If the Commission considers that a serious infringement of Community law has been committed during a contract award procedure, it will notify the Member State, giving reasons, prior to a contract being concluded.86 The Member State must then either correct the infringement, give a reasoned submission as to why no correction has been made or suspend the contract award procedure pending a decision as to whether to correct.

ii Grounds for challenge

The Remedies Provisions say little about the grounds for challenge by bidders, providing simply that infringements of 'Community law in the field of public procurement or national rules transposing that law'87 can be challenged. This covers breaches of both national rules implementing the Directives and Treaty principles, such as equality, non-discrimination and transparency.

The number of challenges and prospects of success vary considerably from state to state.88

As noted above, the Commission may invoke a corrective mechanism when it 'considers that a serious infringement of Community law in the field of public procurement has been committed during a contract award procedure'.89

iii Remedies

There are four main types of remedies that must be available to the review body under the review procedures. The first three are:

  1. interim suspension of the award of the contract pending review by the first instance review body, which must continue at least for the standstill period; the review body's decision as to whether to uphold this interim suspension can take into account the consequences of the continued suspension for all interests likely to be affected, as well as any public interest;
  2. set aside of an unlawful decision; this includes the power to amend the invitation to tender, the contract documents and other documents relating to the contract award procedure, to stop the procurement and to order a new procurement; and
  3. the power to award damages (compensation) to a person harmed by the infringement.90

The fourth and arguably most powerful remedy is that of ineffectiveness. Ineffectiveness must be available in three situations:

  1. if an authority has illegally awarded a contract without prior publication of a contract notice;
  2. if an authority has awarded a contract in breach of the standstill period or suspension of contract award and a bidder has thereby been deprived of the possibility to complain about some other infringement that has affected the bidder's chance of obtaining the contract; and
  3. where a Member State has permitted award of contracts without a standstill period under a framework or DPS.91

Where the ineffectiveness remedy is not available, Member States may provide that once the contract has been concluded the only remedy available is damages.

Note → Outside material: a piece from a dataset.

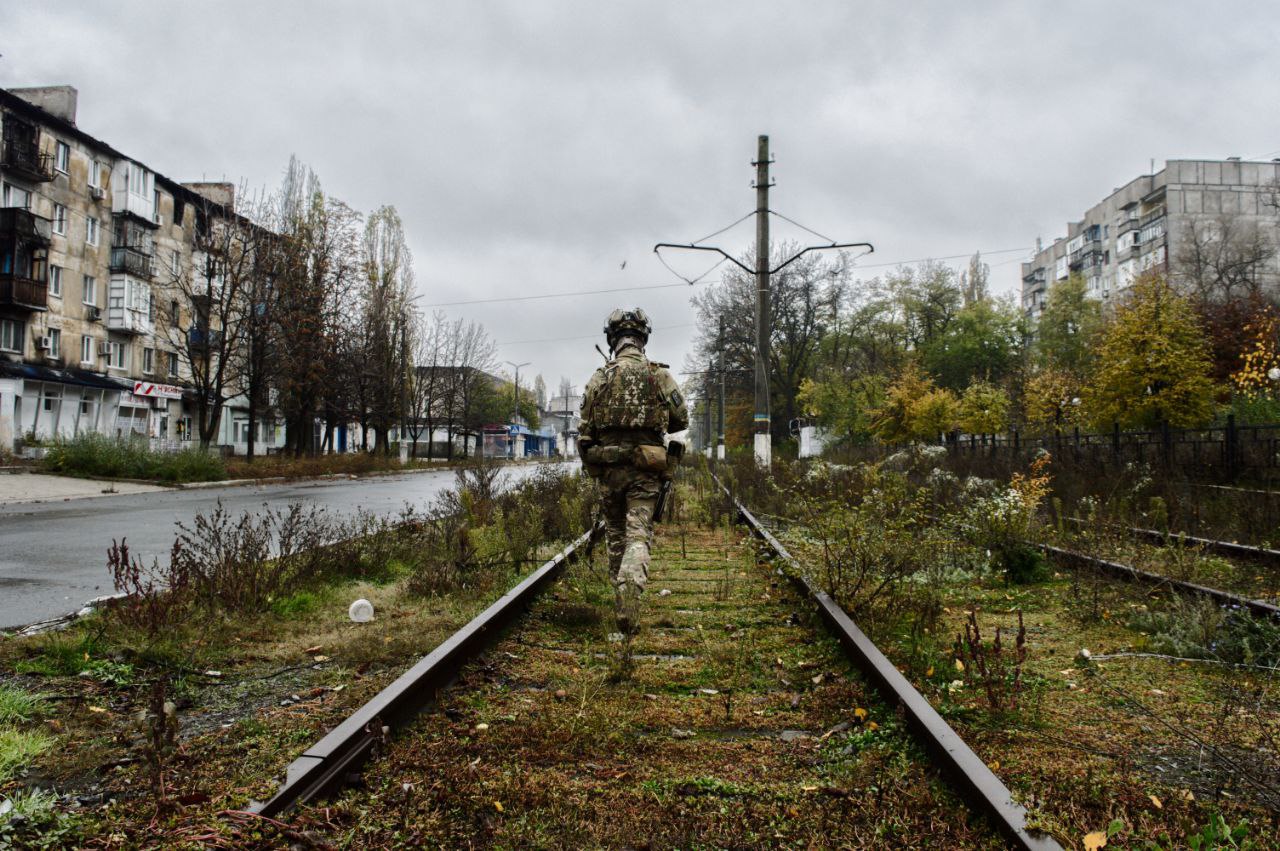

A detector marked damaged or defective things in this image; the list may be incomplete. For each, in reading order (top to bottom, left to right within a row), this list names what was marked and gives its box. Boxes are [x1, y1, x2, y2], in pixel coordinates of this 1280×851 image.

rusty rail [256, 524, 609, 819]
rusty rail [716, 473, 1064, 849]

Member States can provide that the consequence of ineffectiveness is retroactive cancellation of all contractual obligations or may limit cancellation to future obligations only. If the latter option is chosen, the Member State must provide for the application of alternative penalties. If the general interest is in upholding the contract, so that the review body decides not to declare a contract ineffective, it must provide for alternative penalties.

Alternative penalties have to be effective, proportionate and dissuasive, and must be either the imposition of a fine on the authority or shortening of the duration of the contract.

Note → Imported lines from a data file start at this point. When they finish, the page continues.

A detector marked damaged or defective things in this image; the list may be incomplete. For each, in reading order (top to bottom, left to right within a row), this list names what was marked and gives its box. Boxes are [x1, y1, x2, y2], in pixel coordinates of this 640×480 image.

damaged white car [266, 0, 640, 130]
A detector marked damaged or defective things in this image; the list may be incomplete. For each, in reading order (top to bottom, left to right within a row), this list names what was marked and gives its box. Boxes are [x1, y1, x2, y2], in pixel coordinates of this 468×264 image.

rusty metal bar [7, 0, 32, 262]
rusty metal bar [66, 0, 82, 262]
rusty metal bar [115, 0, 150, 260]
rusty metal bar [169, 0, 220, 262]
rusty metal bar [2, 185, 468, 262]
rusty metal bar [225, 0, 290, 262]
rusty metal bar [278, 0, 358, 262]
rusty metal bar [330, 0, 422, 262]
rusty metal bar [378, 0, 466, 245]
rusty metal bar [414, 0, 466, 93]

It certainly is not a bold prediction that covid-19 will most probably remain one of the dominant issues in 2021. In particular, it will be interesting to see whether and how the pandemic will permanently change procurement policy and procurement law in the EU. It is not far-fetched to suggest that it will make the question of how procurement can contribute to the promotion of innovation even more important. Brexit is also likely to pose some challenges for public procurement in 2021, applying equally to contracting authorities, EU-based companies operating in the UK and UK-based companies that have previously had public clients within the EU.

It is already becoming apparent that public procurement law will again be an important topic for the CJEU in 2021. A number of cases are pending, including once again some 'long runners', on issues such as the concept of a public contract and the requirements for framework agreements.